### [Your goal]
Your task is to retype, exactly and without pictures, the line holding "adults with toddler" and each line that follows it to the end of the entries.

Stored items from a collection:
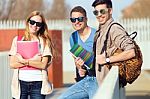 A Group Of Friends Talking In The Street After Class Stock Photo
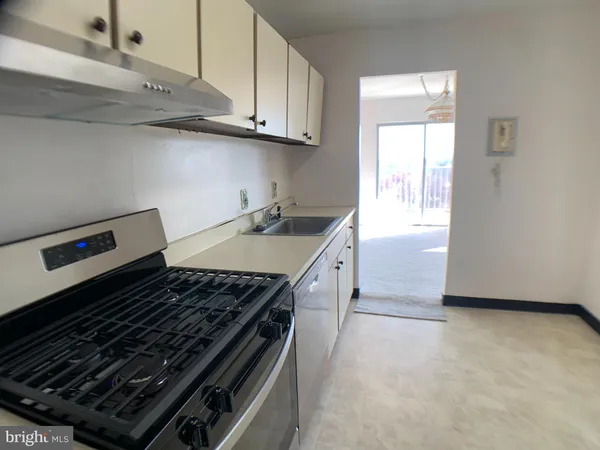 a stove top oven sitting inside of a kitchen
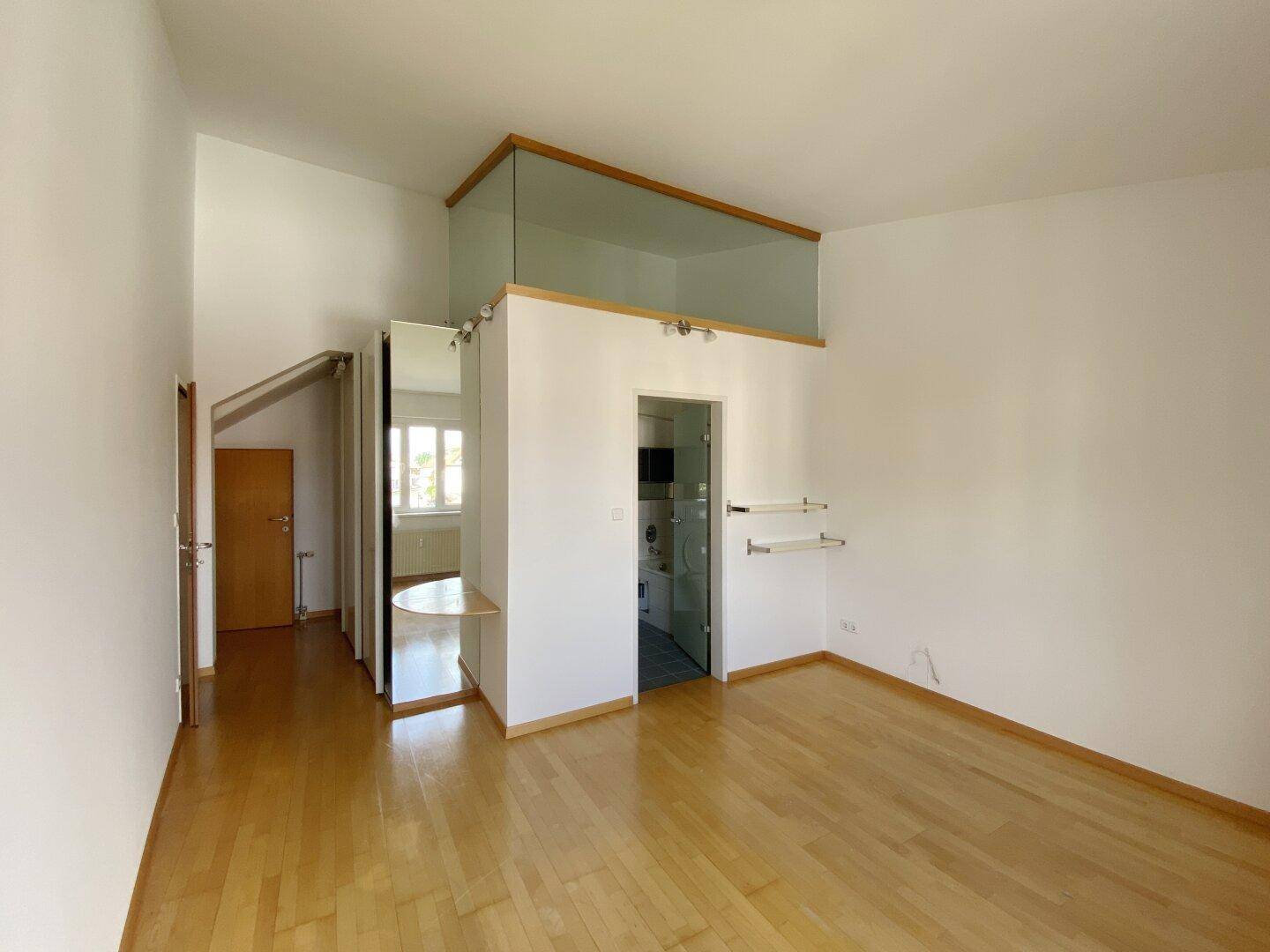 Offener Raum mit Holzparkett, hoher Decke und einer Galerie mit Glasgeländer.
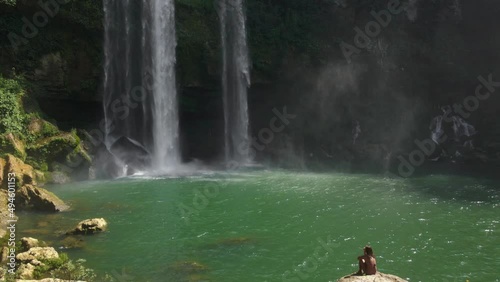 Female Tourist Enjoing the View of Misoh-Ha Waterfall in Chiapas, Mexico photo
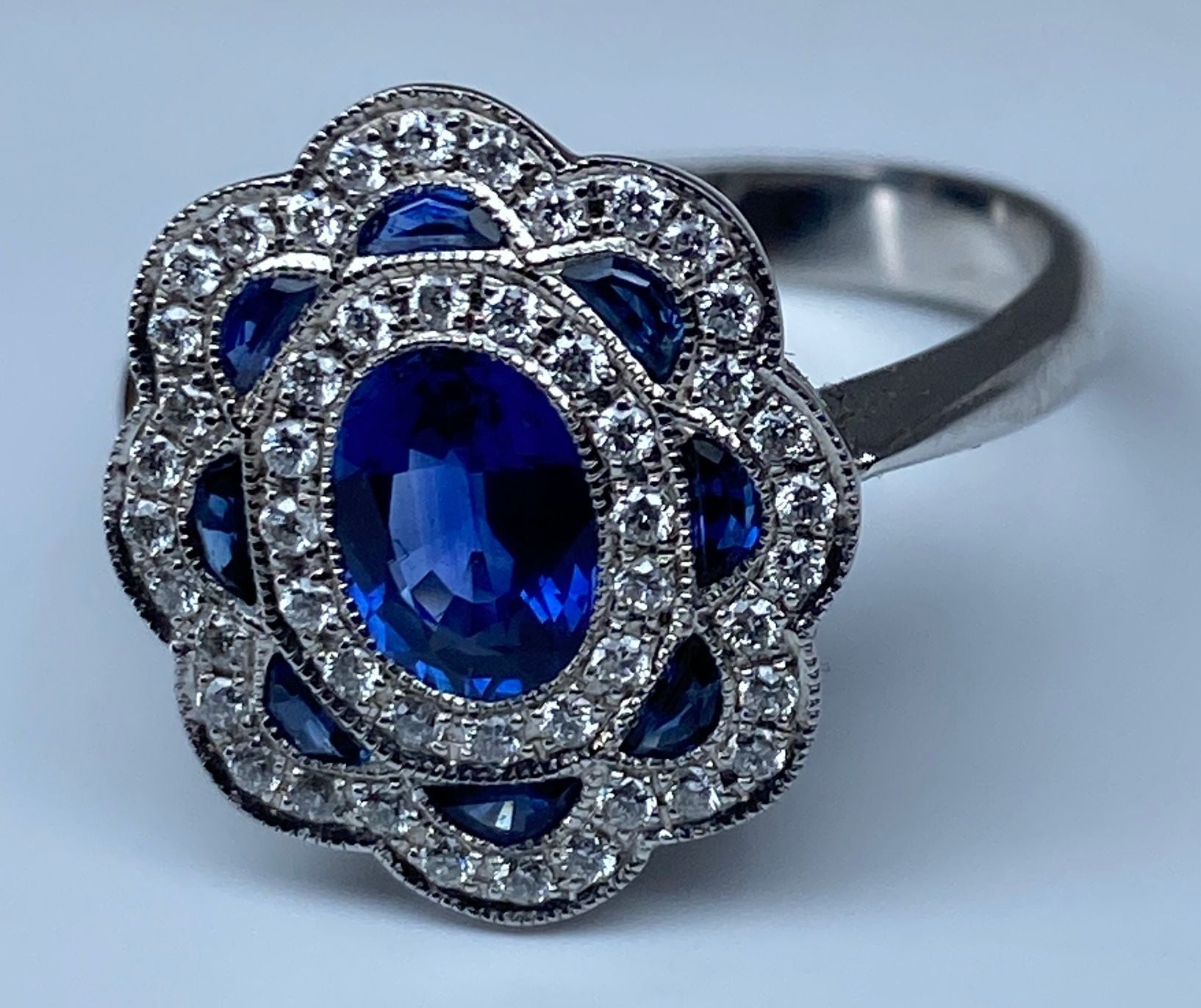 18k gold sapphire and diamond daisy ring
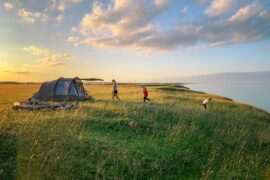 adults with toddler tent in a field by the sea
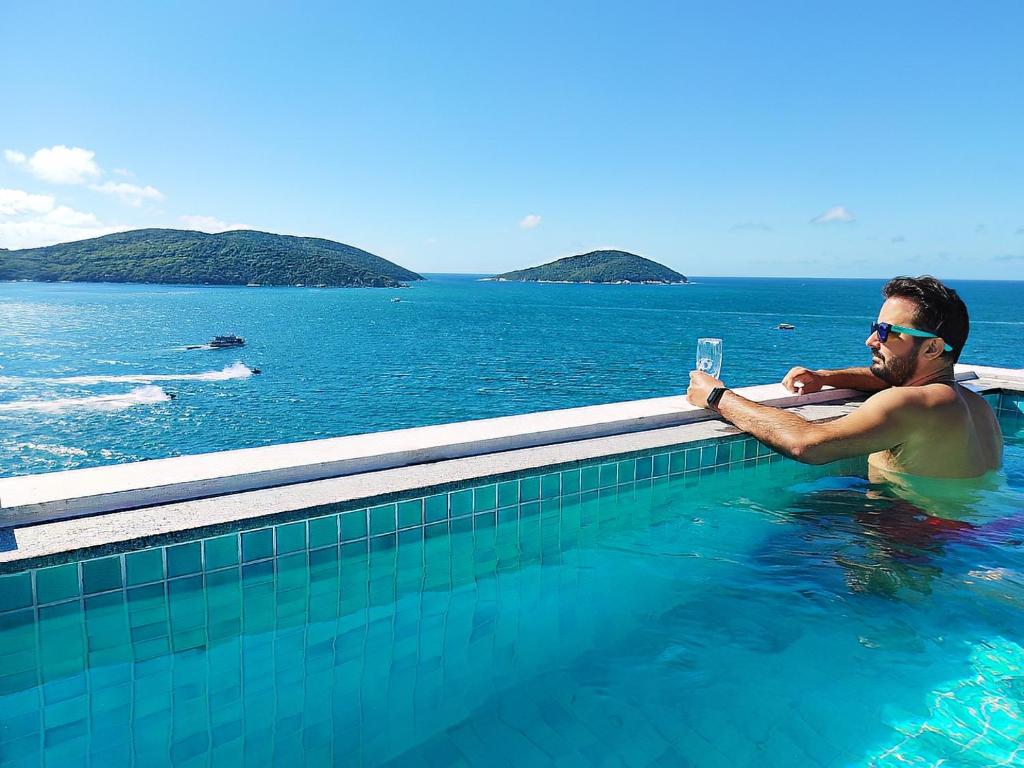 a man sitting in a swimming pool in the water at Marbella Suíte, vista mar, piscina e churrasqueira in Arraial do Cabo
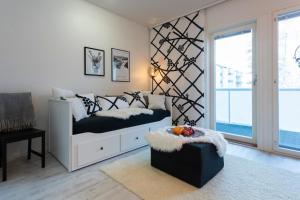 a bedroom with a bed and a desk and a window at Vasko luxurious suites, Mustikka in Rovaniemi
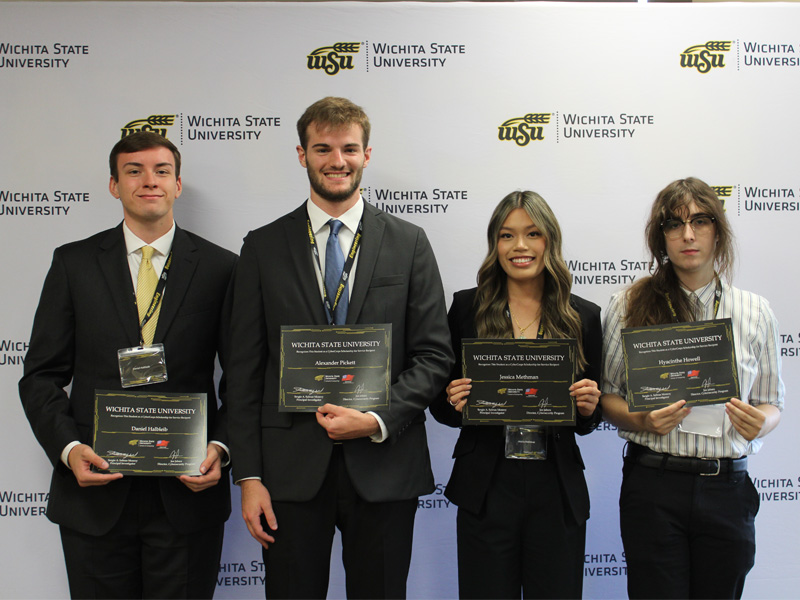 Daniel Halbeib, Alexander Pickett, Jessica Methman and Hyacinthe Howell pose with their scholarship diplomas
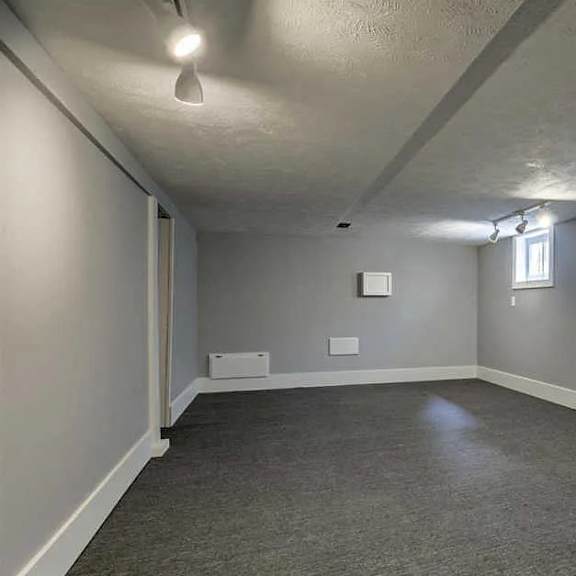 a room with grey carpet and white walls.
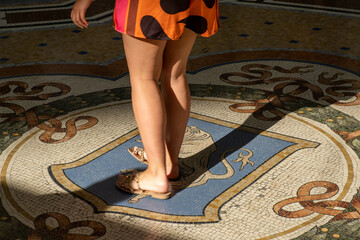 Legs of a woman spinning on the bull mosaic for making a wish in Milan Italy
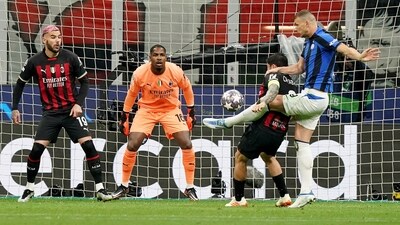 Edin Dzeko, right, scores his side's opening goal during the Champions League semifinal match between AC Milan and Inter Milan at the San Siro stadium (AP) Edin Dzeko, right, scores his side's opening goal during the Champions League semifinal match between AC Milan and Inter Milan at the San Siro stadium (AP)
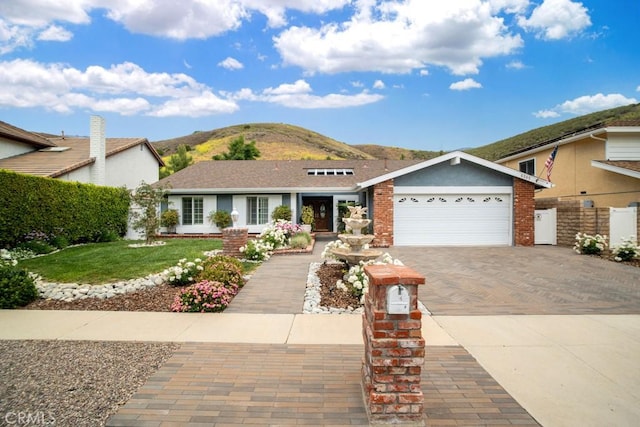 6505 Smoke Tree Ave, Oak Park, CA 91377 - single story home with driveway, a mountain view, and an attached garage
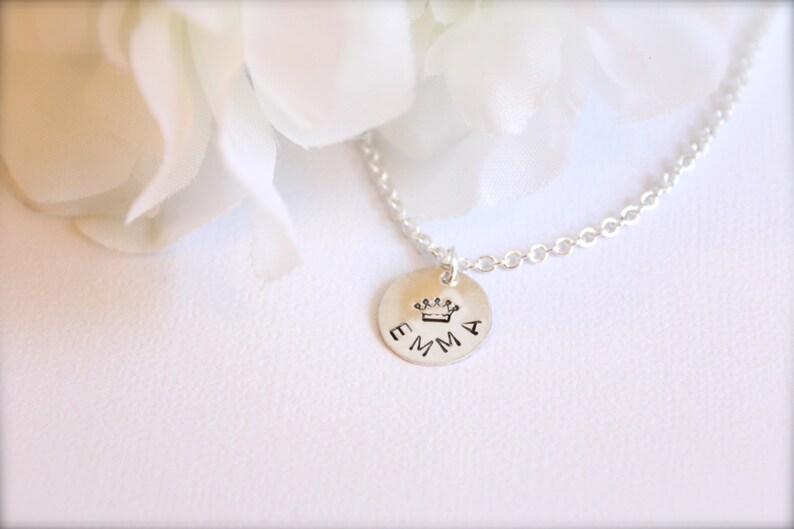 May include: A silver necklace with a round pendant that says "EMMA" with a small crown above the name.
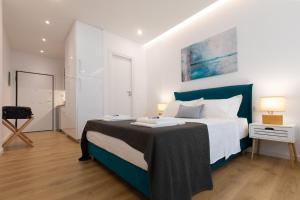 a bedroom with a large bed with a blue headboard at Minimal apartment in Plaka in Athens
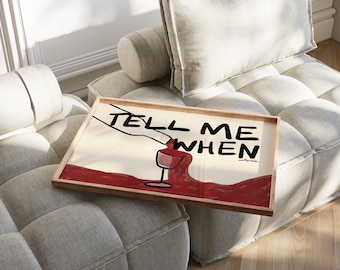 May include: A framed print with a white background and a black and red illustration of a wine bottle pouring wine into a glass. The text "TELL ME WHEN" is written in black above the illustration.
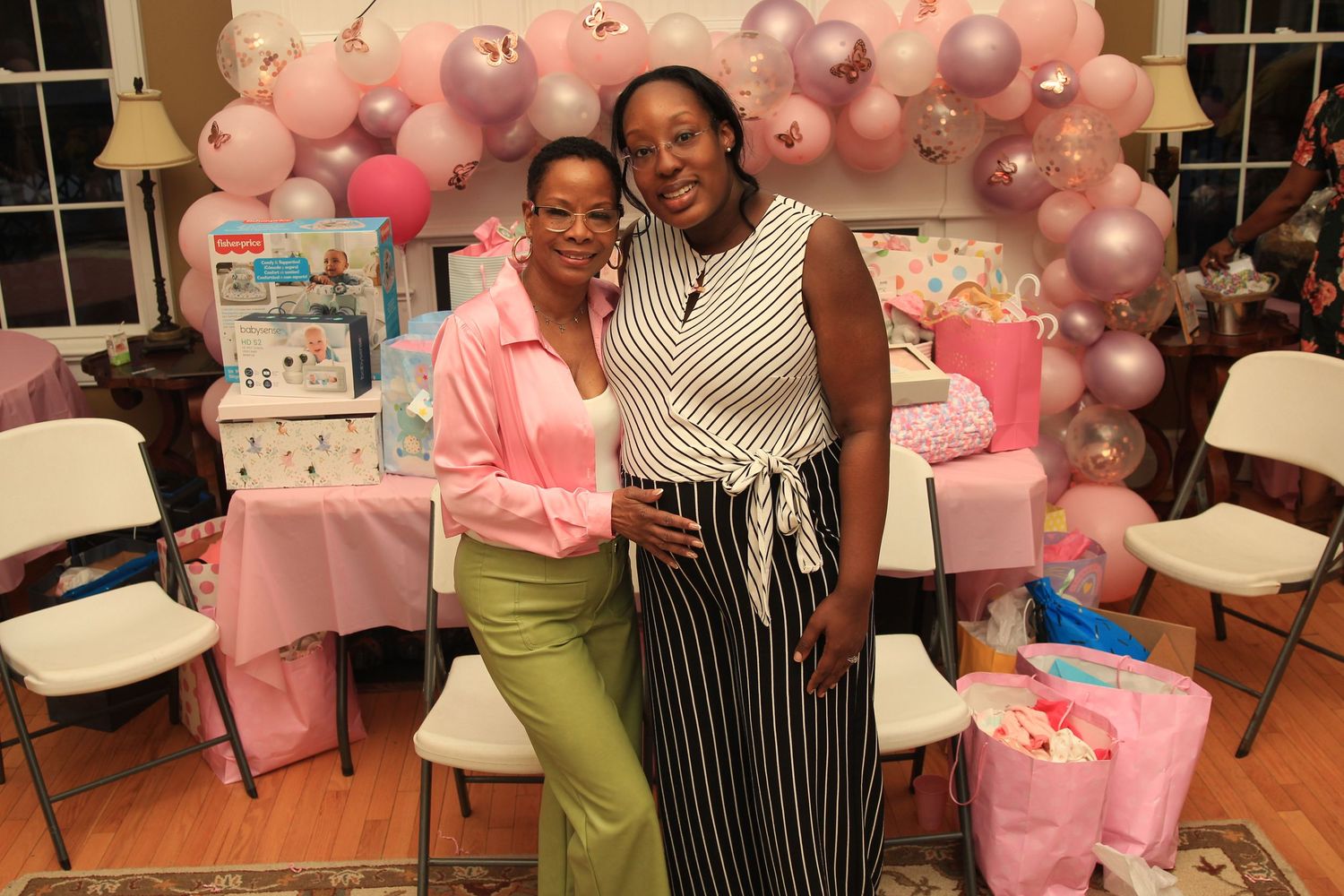 Two women embrace and smile at an elegant pink baby shower party with balloon arch backdrop.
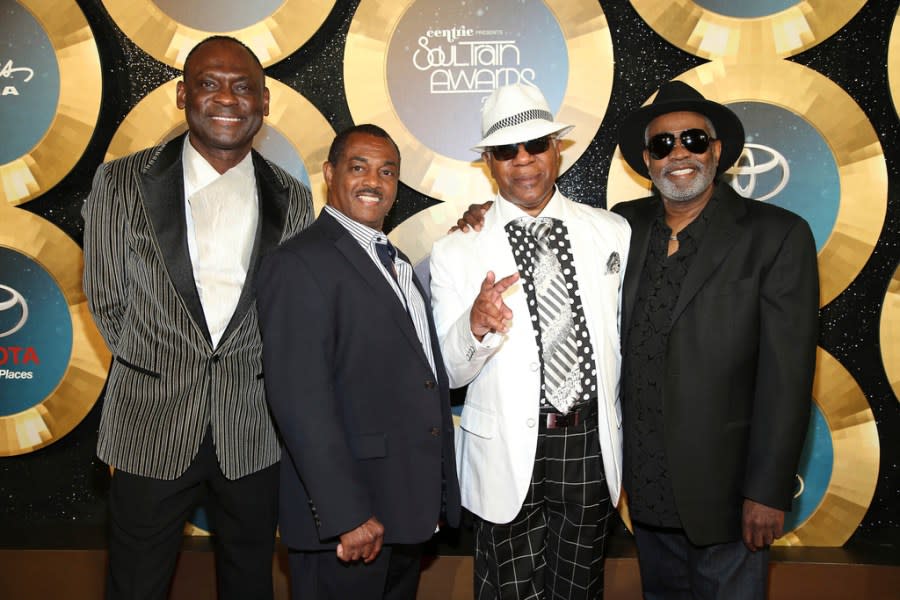 FILE – George Brown, from left, Ronald Bell, Dennis Thomas and Robert “Kool” Bell, of Kool and the Gang, appear at the 2014 Soul Train Awards in Las Vegas on Nov. 7, 2014. Brown died Nov. 16, 2023 in Los Angeles, after a battle with cancer. Ronald Bell died in 2020 and Dennis Thomas died in 2021. The group is among the 2024 nominees for induction into the Rock & Roll Hall of Fame. (Photo by Omar Vega/Invision/AP, File)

### [Your solution]
 adults with toddler tent in a field by the sea
 a man sitting in a swimming pool in the water at Marbella Suíte, vista mar, piscina e churrasqueira in Arraial do Cabo
 a bedroom with a bed and a desk and a window at Vasko luxurious suites, Mustikka in Rovaniemi
 Daniel Halbeib, Alexander Pickett, Jessica Methman and Hyacinthe Howell pose with their scholarship diplomas
 a room with grey carpet and white walls.
 Legs of a woman spinning on the bull mosaic for making a wish in Milan Italy
 Edin Dzeko, right, scores his side's opening goal during the Champions League semifinal match between AC Milan and Inter Milan at the San Siro stadium (AP) Edin Dzeko, right, scores his side's opening goal during the Champions League semifinal match between AC Milan and Inter Milan at the San Siro stadium (AP)
 6505 Smoke Tree Ave, Oak Park, CA 91377 - single story home with driveway, a mountain view, and an attached garage
 May include: A silver necklace with a round pendant that says "EMMA" with a small crown above the name.
 a bedroom with a large bed with a blue headboard at Minimal apartment in Plaka in Athens
 May include: A framed print with a white background and a black and red illustration of a wine bottle pouring wine into a glass. The text "TELL ME WHEN" is written in black above the illustration.
 Two women embrace and smile at an elegant pink baby shower party with balloon arch backdrop.
 FILE – George Brown, from left, Ronald Bell, Dennis Thomas and Robert “Kool” Bell, of Kool and the Gang, appear at the 2014 Soul Train Awards in Las Vegas on Nov. 7, 2014. Brown died Nov. 16, 2023 in Los Angeles, after a battle with cancer. Ronald Bell died in 2020 and Dennis Thomas died in 2021. The group is among the 2024 nominees for induction into the Rock & Roll Hall of Fame. (Photo by Omar Vega/Invision/AP, File)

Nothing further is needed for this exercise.